WORK REQUIRED: Nothing but the pictures should go missing; return all the entries below exactly.

[Web page caption snippets]
• • • • • • •

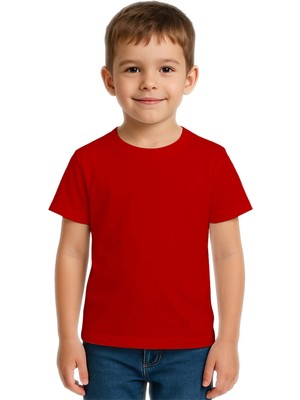 Sedirli Unisex Düz Renkli Çocuk Tişört Pamuklu Penye Kumaş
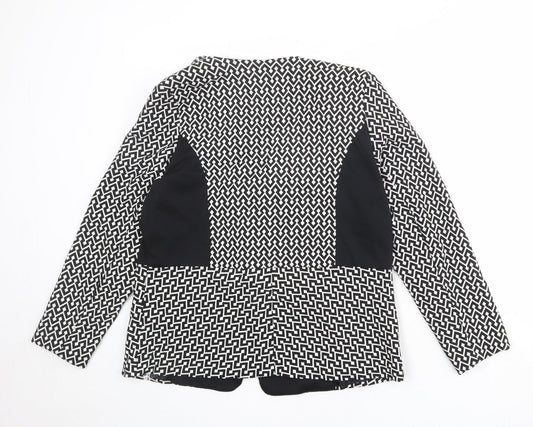 Klass Womens Black Geometric Jacket Blazer Size 14 Button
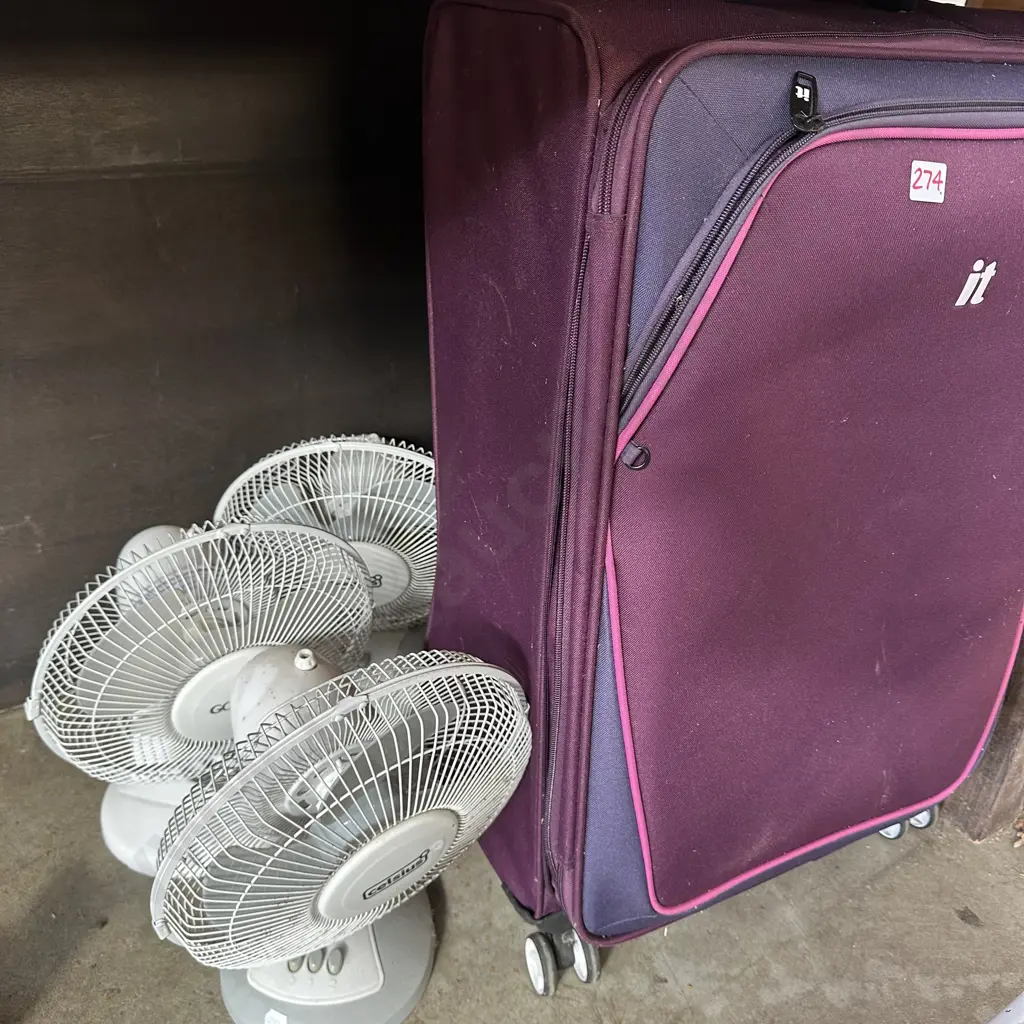 2 fans and suitcase Image 1++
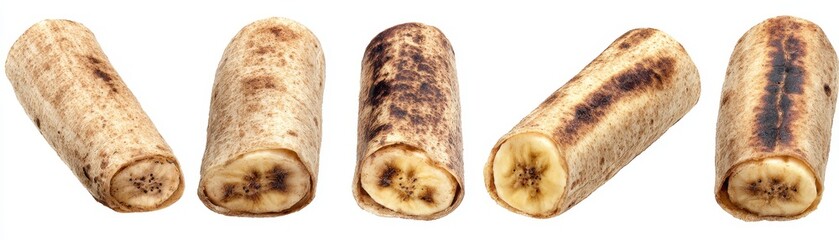 Healthy fresh baked bread and sweet pastry rolls artfully arranged into a tasty word made of brown wood isolated on white for a delicious breakfast meal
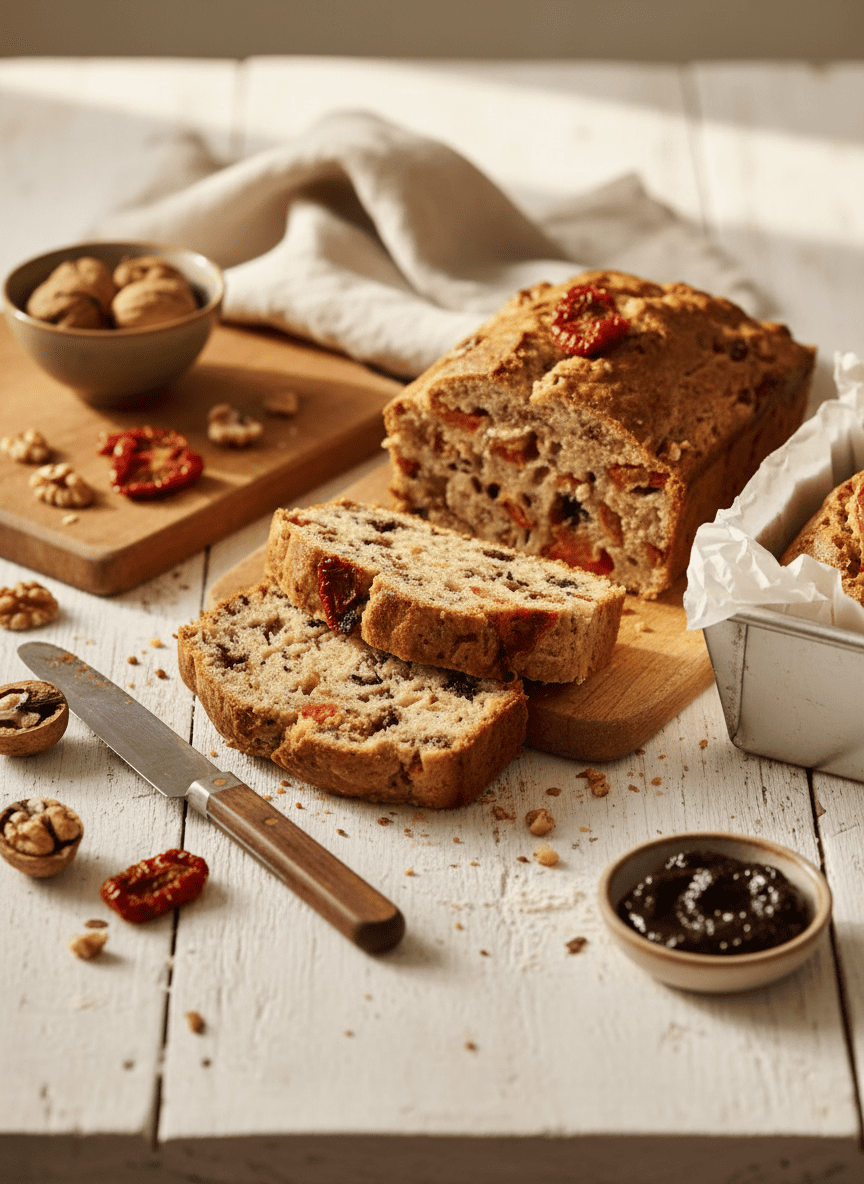 Cake aux tomates confites, noix et tapenade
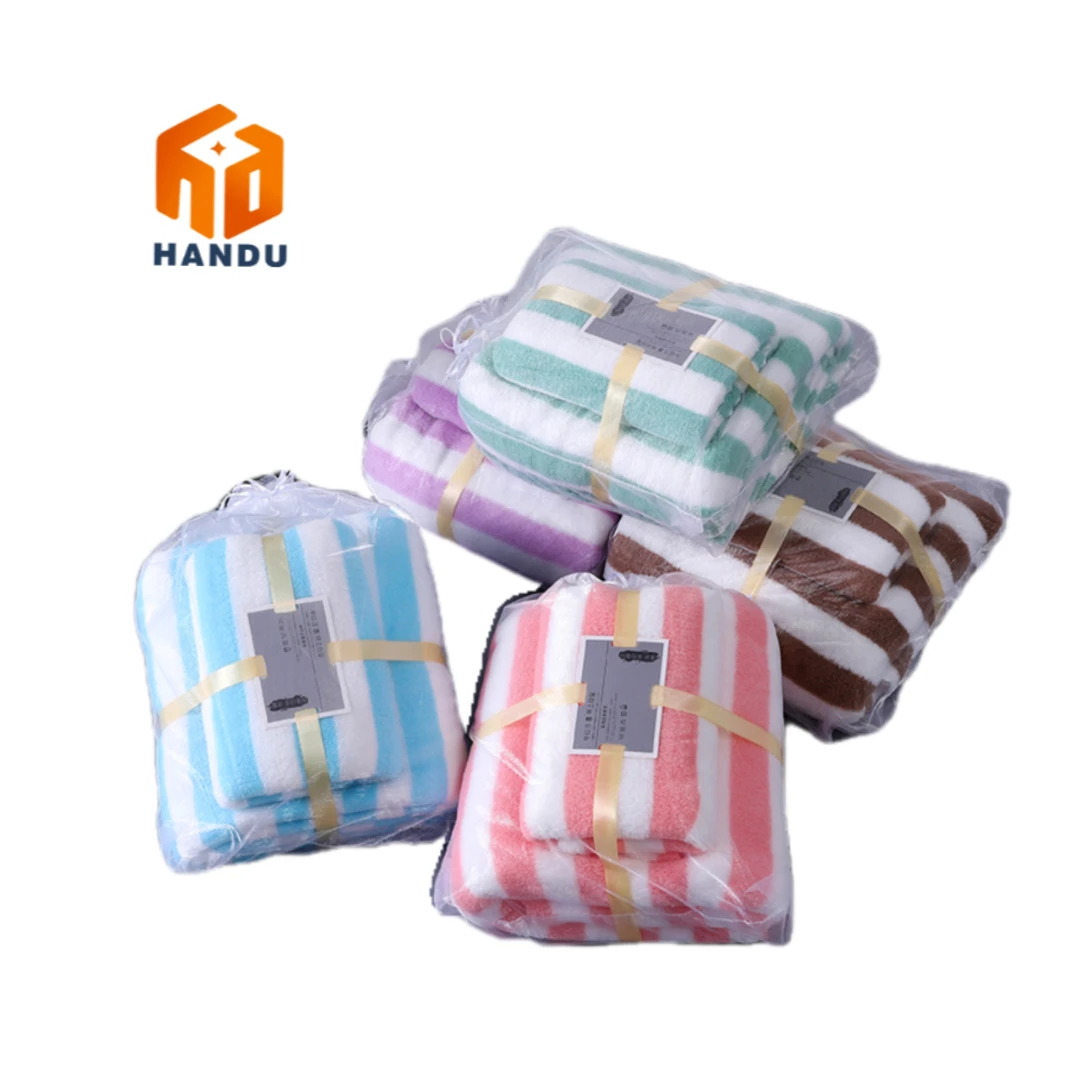 Wholesale microfiber Quick Drying coral fleece hotel spa bathroom 2pcs set custom Plain blank face bath towels set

• • • • • • •

RESPONSE TO THIS EXERCISE:
 Sedirli Unisex Düz Renkli Çocuk Tişört Pamuklu Penye Kumaş
 Klass Womens Black Geometric Jacket Blazer Size 14 Button
 2 fans and suitcase Image 1++
 Healthy fresh baked bread and sweet pastry rolls artfully arranged into a tasty word made of brown wood isolated on white for a delicious breakfast meal
 Cake aux tomates confites, noix et tapenade
 Wholesale microfiber Quick Drying coral fleece hotel spa bathroom 2pcs set custom Plain blank face bath towels set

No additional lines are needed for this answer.